#include "mphlr.h"

/*
  Here we implement the actual routing algorithm which is heavily based on BATMAN.
  
  The fundamental difference is that we want to allow the mesh to grow beyond the
  size that could ordinarily be accomodated by the available bandwidth.  Some
  explanation follows.

  BATMAN operates by having nodes periodically send "hello" or originator messages,
  either with a limited distribution or with a sufficiently high TTL to spread
  over the whole network.  

  The latter results in a super-linear bandwidth requirement as the network grows 
  in size.

  What we wish to do is to implement the BATMAN concept, but using link-local traffic
  only.  To do this we need to change the high-TTL originator frames into something
  equivalent, but that does not get automatic network-wide distribution.
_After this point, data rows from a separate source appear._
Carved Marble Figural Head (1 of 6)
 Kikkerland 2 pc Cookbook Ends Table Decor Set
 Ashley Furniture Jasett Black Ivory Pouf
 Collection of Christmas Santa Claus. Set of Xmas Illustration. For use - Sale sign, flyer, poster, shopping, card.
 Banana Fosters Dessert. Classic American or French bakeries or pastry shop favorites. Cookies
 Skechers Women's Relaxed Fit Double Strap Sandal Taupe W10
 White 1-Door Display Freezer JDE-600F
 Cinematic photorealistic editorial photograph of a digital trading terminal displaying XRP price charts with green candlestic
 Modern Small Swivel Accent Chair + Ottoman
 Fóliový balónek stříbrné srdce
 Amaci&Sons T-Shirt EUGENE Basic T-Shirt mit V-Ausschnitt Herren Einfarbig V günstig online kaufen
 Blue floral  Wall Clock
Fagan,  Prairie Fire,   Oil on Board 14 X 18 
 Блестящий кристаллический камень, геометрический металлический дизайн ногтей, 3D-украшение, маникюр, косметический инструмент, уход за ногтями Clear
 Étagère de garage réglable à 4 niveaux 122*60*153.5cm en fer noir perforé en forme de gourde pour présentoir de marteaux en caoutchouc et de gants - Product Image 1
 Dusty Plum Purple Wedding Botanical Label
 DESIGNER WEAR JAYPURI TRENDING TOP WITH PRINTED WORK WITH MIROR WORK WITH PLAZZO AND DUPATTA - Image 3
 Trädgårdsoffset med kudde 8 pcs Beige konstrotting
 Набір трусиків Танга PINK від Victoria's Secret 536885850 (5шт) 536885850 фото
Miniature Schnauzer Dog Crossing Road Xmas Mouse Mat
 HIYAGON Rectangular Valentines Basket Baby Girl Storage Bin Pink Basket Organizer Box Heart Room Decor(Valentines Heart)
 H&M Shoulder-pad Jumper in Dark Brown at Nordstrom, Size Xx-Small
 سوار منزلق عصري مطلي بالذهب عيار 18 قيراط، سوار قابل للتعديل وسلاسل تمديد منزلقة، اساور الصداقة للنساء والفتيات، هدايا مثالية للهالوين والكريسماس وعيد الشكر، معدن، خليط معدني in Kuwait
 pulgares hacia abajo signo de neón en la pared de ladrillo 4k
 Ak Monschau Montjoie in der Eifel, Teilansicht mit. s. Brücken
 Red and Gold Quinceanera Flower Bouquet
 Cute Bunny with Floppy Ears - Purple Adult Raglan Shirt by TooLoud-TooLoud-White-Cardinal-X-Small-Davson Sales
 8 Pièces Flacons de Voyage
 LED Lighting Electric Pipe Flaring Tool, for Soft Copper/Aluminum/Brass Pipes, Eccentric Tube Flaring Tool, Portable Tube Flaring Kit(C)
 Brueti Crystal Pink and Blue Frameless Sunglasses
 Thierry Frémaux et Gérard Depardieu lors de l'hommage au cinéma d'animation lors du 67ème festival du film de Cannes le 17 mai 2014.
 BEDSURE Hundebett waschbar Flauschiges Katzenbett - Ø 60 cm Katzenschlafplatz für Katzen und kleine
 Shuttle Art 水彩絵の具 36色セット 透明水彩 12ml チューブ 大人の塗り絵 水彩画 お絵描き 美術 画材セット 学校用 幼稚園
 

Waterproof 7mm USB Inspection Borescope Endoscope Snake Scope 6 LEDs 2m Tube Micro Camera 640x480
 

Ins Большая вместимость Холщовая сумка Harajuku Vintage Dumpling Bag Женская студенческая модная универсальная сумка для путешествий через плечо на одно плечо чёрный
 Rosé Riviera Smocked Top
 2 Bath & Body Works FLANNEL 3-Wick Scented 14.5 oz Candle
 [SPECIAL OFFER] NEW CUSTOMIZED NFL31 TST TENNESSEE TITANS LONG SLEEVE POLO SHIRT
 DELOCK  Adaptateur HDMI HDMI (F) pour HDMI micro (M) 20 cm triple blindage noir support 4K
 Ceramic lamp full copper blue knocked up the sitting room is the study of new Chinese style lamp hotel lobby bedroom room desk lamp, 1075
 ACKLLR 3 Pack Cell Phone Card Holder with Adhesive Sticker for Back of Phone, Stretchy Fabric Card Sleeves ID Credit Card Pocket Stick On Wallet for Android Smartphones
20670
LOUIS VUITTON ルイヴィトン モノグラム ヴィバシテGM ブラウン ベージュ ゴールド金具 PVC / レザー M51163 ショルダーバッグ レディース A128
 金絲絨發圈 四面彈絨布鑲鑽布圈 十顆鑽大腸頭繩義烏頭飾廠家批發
  What seems possible is to implement the BATMAN approach for link-local neighbours,
  and then have each node periodically announce the link-score to the peers that
  they know about, whether link-local or more distant.  If the number of reported 
  peers is left unconstrained, super-linear bandwidth consumption will still occur.

  However, if the number of peers that each node announces is limited, then bandwidth
  will be capped at a constant factor (which can be chosen based on the bandwidth
  available). The trade-off being that each node will only be able to see some number
  of "nearest" peers based on the available bandwidth.  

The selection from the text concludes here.